На базарной площади, где прежде торговали готовым платьем, железом, горячей колбасой и всем прочим, стояли запертые и забитые досками лавчонки, а в проходах между ними и по всей площади, на навозе и подтаявшему льду были разложены на мокрых рогожках всякие товары: у кого пара ржавых селедок, две пуговицы и коробка спичек, кто продавал какую-нибудь рваную шубенку или менял серебряную ложку на хлеб.

— Облавы нынче не было? — спрашивали вновь подходившие.

— Вчерась была, — неохотно отвечал кто-нибудь из торговцев.

Продавцы то и дело зорко оглядывались по сторонам и при всякой тревоге делали приседающее движение, чтобы схватить за углы свои рогожки с товарами и лететь куда-нибудь на ближайший пустой двор.

Какая-то барыня в мятой шляпке принесла лампу с абажуром в виде матового шара и, нерешительно оглянувшись по сторонам, спросила:

— А ничего, позволяют торговать-то?

На нее и на ее лампу молча и недоброжелательно посмотрели.

— Позволяют… тому, у кого ноги проворные, — сказала молодая торговка в полушубке, поправив платок на голове и не взглянув на спрашивавшую.

— А ты, матушка, в первый раз, что ли, вышла? — спросила пожилая торговка, у которой на рогожке были разложены пять селедок и велосипедный насос.

— В первый…

— То-то я вижу… лампу-то с шаром взяла.
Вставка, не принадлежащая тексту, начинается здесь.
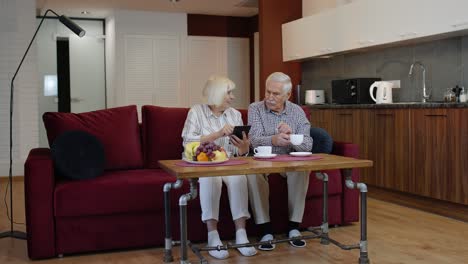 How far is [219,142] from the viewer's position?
337 cm

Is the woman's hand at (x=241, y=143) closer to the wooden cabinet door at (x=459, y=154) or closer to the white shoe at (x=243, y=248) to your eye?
the white shoe at (x=243, y=248)

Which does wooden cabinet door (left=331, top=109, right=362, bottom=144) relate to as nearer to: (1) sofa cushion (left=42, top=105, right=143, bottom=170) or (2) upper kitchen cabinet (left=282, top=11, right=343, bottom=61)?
(2) upper kitchen cabinet (left=282, top=11, right=343, bottom=61)

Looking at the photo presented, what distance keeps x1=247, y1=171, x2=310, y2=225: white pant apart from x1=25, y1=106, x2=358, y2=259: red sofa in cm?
18

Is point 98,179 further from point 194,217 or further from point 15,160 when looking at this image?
point 15,160

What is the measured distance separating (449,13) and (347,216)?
1799 mm

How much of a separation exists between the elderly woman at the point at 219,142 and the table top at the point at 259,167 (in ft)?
1.06

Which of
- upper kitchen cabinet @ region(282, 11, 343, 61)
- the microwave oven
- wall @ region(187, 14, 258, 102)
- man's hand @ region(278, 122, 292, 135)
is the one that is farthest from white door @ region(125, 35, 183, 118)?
man's hand @ region(278, 122, 292, 135)

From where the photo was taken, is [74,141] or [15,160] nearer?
[74,141]

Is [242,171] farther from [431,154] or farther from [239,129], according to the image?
[431,154]

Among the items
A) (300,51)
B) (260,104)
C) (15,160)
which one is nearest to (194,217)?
(260,104)

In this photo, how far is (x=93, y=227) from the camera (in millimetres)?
3104

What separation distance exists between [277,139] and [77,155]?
47.3 inches

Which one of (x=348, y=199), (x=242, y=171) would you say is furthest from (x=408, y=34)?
(x=242, y=171)

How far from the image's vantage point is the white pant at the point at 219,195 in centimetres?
301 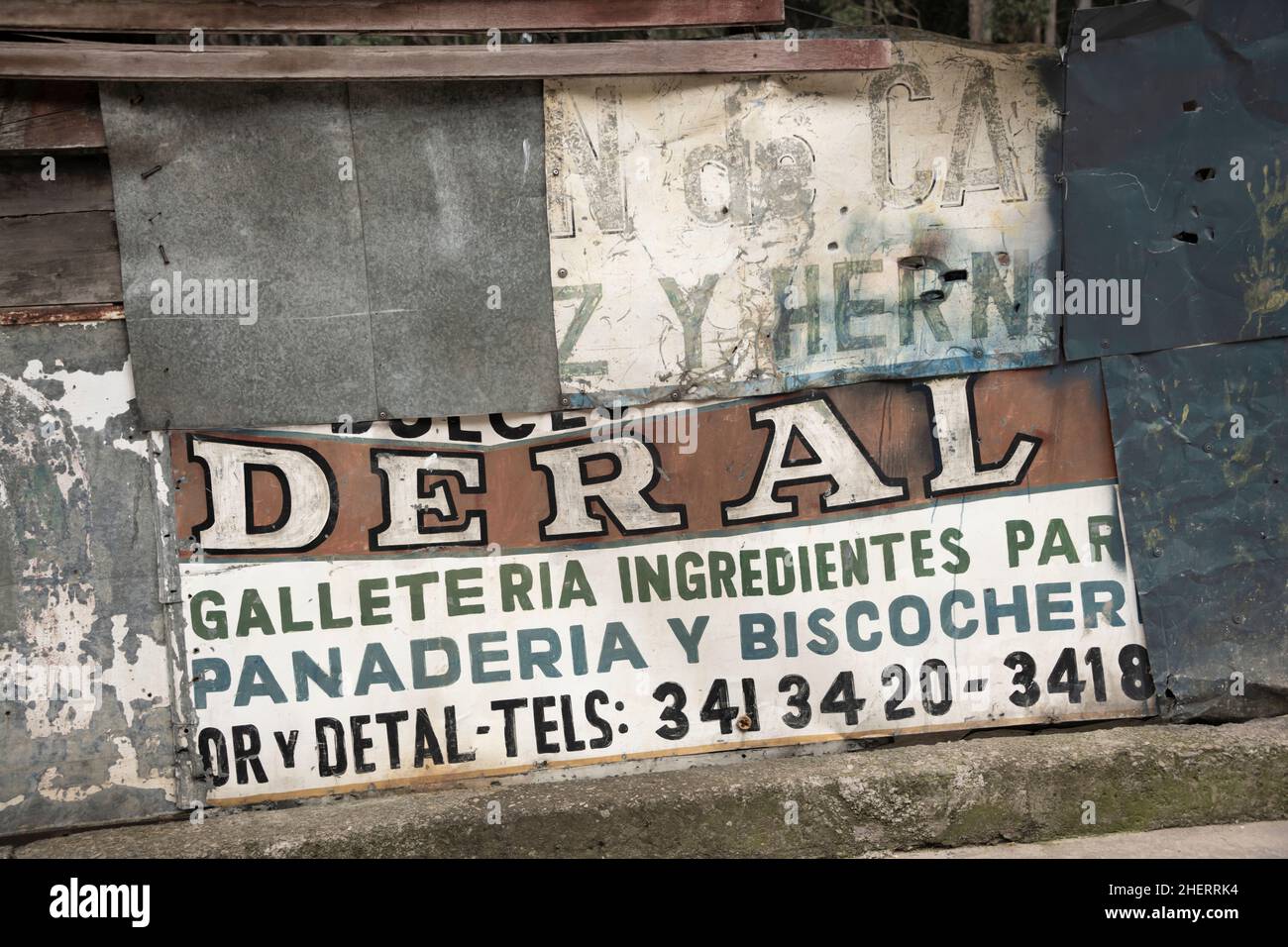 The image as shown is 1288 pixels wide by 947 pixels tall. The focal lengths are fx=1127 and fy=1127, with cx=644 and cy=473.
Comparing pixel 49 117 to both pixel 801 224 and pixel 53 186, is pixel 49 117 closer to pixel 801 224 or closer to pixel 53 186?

Ежели, грешным делом, спешить придется, как бы тебе ее не раскокали.

— Они все чисто с неба свалились…

— Ты уж, как чуть что, поглядывай вон на того старика, что замками торгует, он у нас сметливый.

Какой-то человек в поддевке, торговавший стаканами и вазочками, недовольно покосился и сказал:

— С замками-то всякий дурак будет сметлив. Их стряхнул в мешок и айда. А ты посуду пойди так-то стряхни. Вот наказал бог товаром.

— А вон еще умная голова идет.

Все оглянулись. К ним подходила женщина с креслом на голове, которое торчало ногами вверх. Женщина поставила кресло и остановилась, тяжело дыша.

— Еще-то у тебя потяжельше ничего не нашлось? — спросила молодая торговка.

— Последнее, матушка.

— Они все думают, как до свободы.

Вдруг все прислушались.

— Стой, свистят…

В самом деле послышался какой-то свист.

Старичок с замками не обратил никакого внимания на свист и даже стал раскуривать трубочку. Все мало-помалу успокоились.

— Пропасти на вас нет, запугали наотделку, все селедки со страху в грязь вывалила, — сказала селедочница.

— Вот как этого свисту боишься, ну, хуже нет…

— Вчерась без свисту хорошо обделали…

— У тебя-то что, — схватила свою рогожку и до свидания, а вот эти-то — с лампой да с креслом — что будут делать? Спаси, царица небесная.

Из переулка выехал человек с кадкой капусты на ручной тележке и поехал на средину рынка.

— Сторонись, бабы. Облава вчерась была?

— Была.

— Ну, значит, нынче не будет.

— Вишь, прямо чуть не на телеге прискакал. Тише ты, домовой, прет прямо на человека.

— Вот такие-то окаянные, случись что, — и пойдут с своими кадушками через головы скакать. И как не запретят только.

Вдруг старичок с замками насторожился, ни слова не говоря, сунул в карман трубочку, стряхнул в мешок замки и юркнул в толпу.

А вдали уж был слышен продолжительный негромкий свист, каким охотник дает знать товарищу о замеченном звере.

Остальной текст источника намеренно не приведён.